From Wikipedia, the free encyclopedia

Hollywood is a district in Los Angeles, California, situated west-northwest of Downtown


Los Angeles.[1] Due to its fame and cultural identity as the historical center of movie
studios and movie stars, the word "Hollywood" is often used as a metonym for the
cinema of the United States. Today much of the movie industry has dispersed into
surrounding areas such as Burbank and the Los Angeles Westside[2] but significant
auxiliary industries, such as editing, effects, props, post-production and lighting
companies, remain in Hollywood.

Many historic Hollywood theaters are used as venues and concert stages to premiere
major theatrical releases and host the Academy Awards. It is a popular destination for
nightlife and tourism and home to the Hollywood Walk of Fame.

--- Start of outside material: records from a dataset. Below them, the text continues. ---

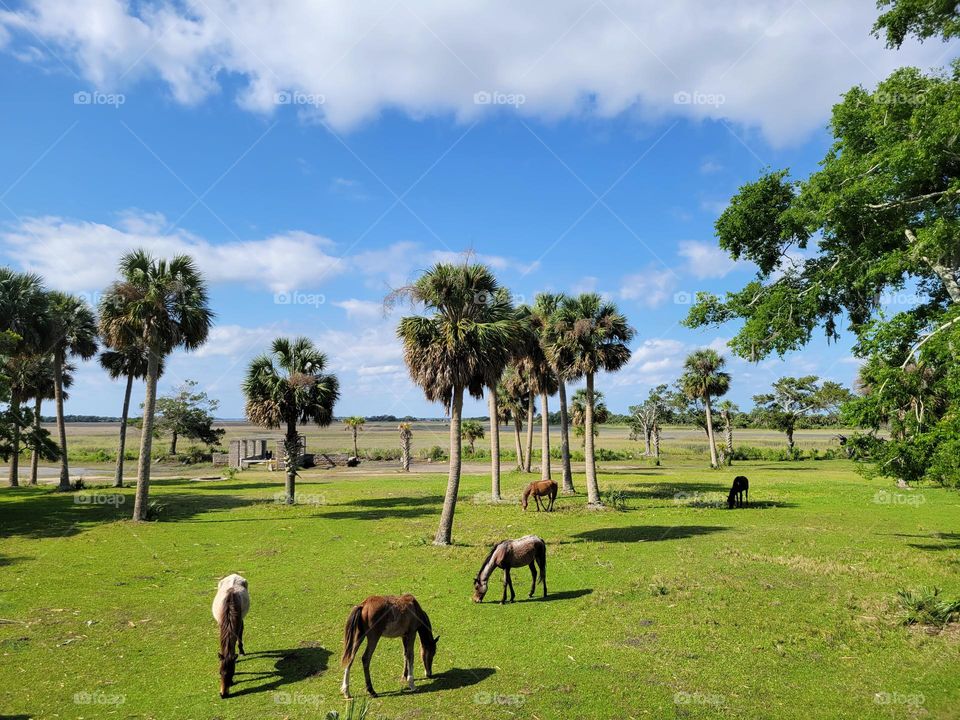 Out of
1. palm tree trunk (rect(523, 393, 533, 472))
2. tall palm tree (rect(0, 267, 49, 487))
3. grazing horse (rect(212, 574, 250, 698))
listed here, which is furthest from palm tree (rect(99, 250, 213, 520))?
palm tree trunk (rect(523, 393, 533, 472))

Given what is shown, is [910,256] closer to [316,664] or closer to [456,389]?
[456,389]

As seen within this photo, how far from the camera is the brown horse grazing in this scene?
8.82 meters

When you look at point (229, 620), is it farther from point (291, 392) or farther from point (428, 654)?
point (291, 392)

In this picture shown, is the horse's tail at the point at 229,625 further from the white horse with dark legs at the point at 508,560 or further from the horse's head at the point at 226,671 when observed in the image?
the white horse with dark legs at the point at 508,560

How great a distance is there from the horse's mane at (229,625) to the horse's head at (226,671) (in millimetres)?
52

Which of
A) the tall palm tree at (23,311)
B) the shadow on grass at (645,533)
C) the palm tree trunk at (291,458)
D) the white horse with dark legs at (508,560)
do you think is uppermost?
the tall palm tree at (23,311)

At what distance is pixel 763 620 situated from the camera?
40.2ft

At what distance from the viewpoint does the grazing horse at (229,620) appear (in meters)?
9.05

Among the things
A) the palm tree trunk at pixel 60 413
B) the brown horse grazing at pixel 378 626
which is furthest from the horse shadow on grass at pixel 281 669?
the palm tree trunk at pixel 60 413

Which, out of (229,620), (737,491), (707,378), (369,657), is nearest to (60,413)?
(229,620)

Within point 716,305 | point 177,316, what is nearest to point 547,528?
point 716,305

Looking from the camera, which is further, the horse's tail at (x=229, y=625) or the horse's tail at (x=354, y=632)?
the horse's tail at (x=229, y=625)

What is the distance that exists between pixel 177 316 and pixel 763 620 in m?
26.0

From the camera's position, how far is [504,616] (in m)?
12.8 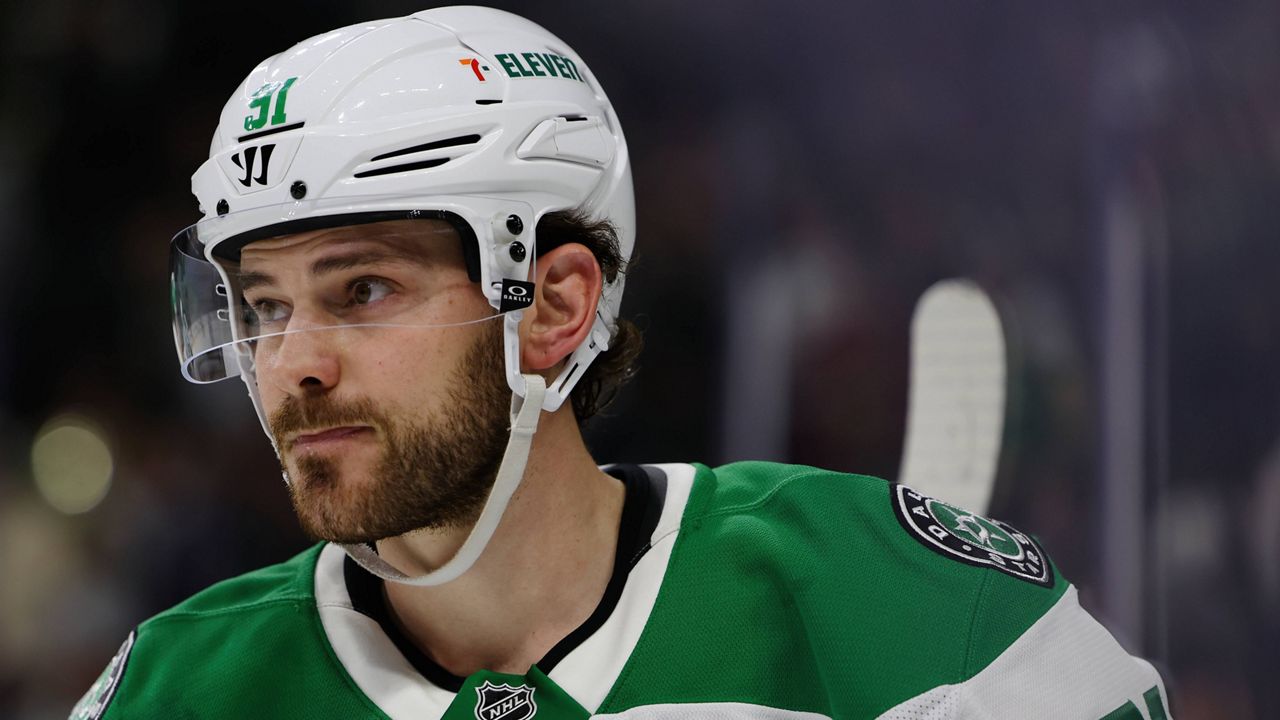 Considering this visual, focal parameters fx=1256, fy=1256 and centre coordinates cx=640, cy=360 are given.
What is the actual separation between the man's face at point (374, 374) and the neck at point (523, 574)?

Although it is not the typical practice of the city of Los Angeles to establish specific
boundaries for districts or neighborhoods, Hollywood is a recent exception. On February
16, 2005, Assembly Members Goldberg and Koretz introduced a bill to require California
to keep specific records on Hollywood as though it were independent. For this to be
done, the boundaries were defined. This bill was unanimously supported by the
Hollywood Chamber of Commerce and the LA City Council. Assembly Bill 588 was
approved by the Governor on August 28, 2006 and now the district of Hollywood has
official borders. The border is shown at the right and can be loosely described as the
area east of Beverly Hills and West Hollywood, south of Mulholland Drive, Laurel
Canyon, Cahuenga Blvd. and Barham Blvd. and the cities of Burbank and Glendale,
north of Melrose Avenue and west of the Golden State Freeway and Hyperion Avenue.
Note that this includes all of Griffith Park and Los Feliz—two areas that were hitherto
generally considered separate from Hollywood by most Angelenos. The population of
the district, including Los Feliz, as of the 2000 census was 167,664 and the median
household income was $33,409 in 1999.[3]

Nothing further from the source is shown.